DAC is proud to partner with Roxie Theater in presenting a series of films by the late acclaimed Iranian filmmaker Abbas Kiarostami.
Kiarostami Foundation founder Ahmad Kiarostami in attendance at select screenings and in person for Q&A on Saturday, August 17 after Where is the Friend’s House?
This event is made possible by the Kiarostami Foundation and Janus Films.
Event Programme
Saturday, August 17
Children’s Shorts – 2pm
Children are the protagonists in this collection of shorts by Kiarostami, who began his career making films for an Iranian children’s cultural institute.
BREAD AND ALLEY (10 min), BREAKTIME (11 min), THE CHORUS (17 min), ORDERLY OR DISORDERLY (15 min), SO CAN I (4 min), SOLUTION (11 min) and TWO SOLUTIONS FOR ONE PROBLEM (5 min)
Saturday, August 17
Where is the Friend’s House? – 4pm
The first film in Abbas Kiarostami’s sublime, interlacing trilogy of films set in the northern Iranian village of Koker takes a premise of fable-like simplicity—a boy searches for the home of his classmate whose school notebook he has accidentally taken—and transforms it into a miraculous, child’s-eye adventure of the everyday.
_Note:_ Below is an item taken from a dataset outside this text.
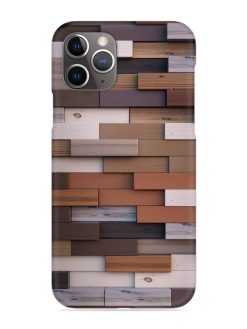 3D Wall Art Snap Case for Apple Iphone 11 Pro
As our young hero zigzags determinedly across two towns aided (and sometimes misdirected) by those he encounters, his quest becomes both a revealing portrait of Iranian society in all its richness and complexity and a touching parable about the meaning of personal responsibility. Shot through with all the wonder, beauty, tension, and mystery one day can contain, Where is the Friend’s House? established Kiarostami’s reputation as one cinema’s most sensitive and profound humanists. Iran. 1987. 83 min. DCP. With English subtitles.
About the Artist
A towering figure in the Iranian film community and one of the preeminent world cinema auteurs of the past three decades, Abbas Kiarostami (1940–2016) was the recipient of numerous international honors, as well as accolades from many fellow directors. That said, what endears Kiarostami’s work to so many viewers isn’t some inaccessible loftiness, but rather his humane affinity with ordinary, relatable lives. This touring retrospective, featuring new restorations as well as previously unavailable work, reacquaints us with the master’s warmly contemplative style. Emphasizing ambiguity over contrivance, these gently mischievous films already are aging very gracefully, with stories so distilled that their simplicity becomes newly mysterious. Revisited together today, they shed new light on an enduring cinematic legacy.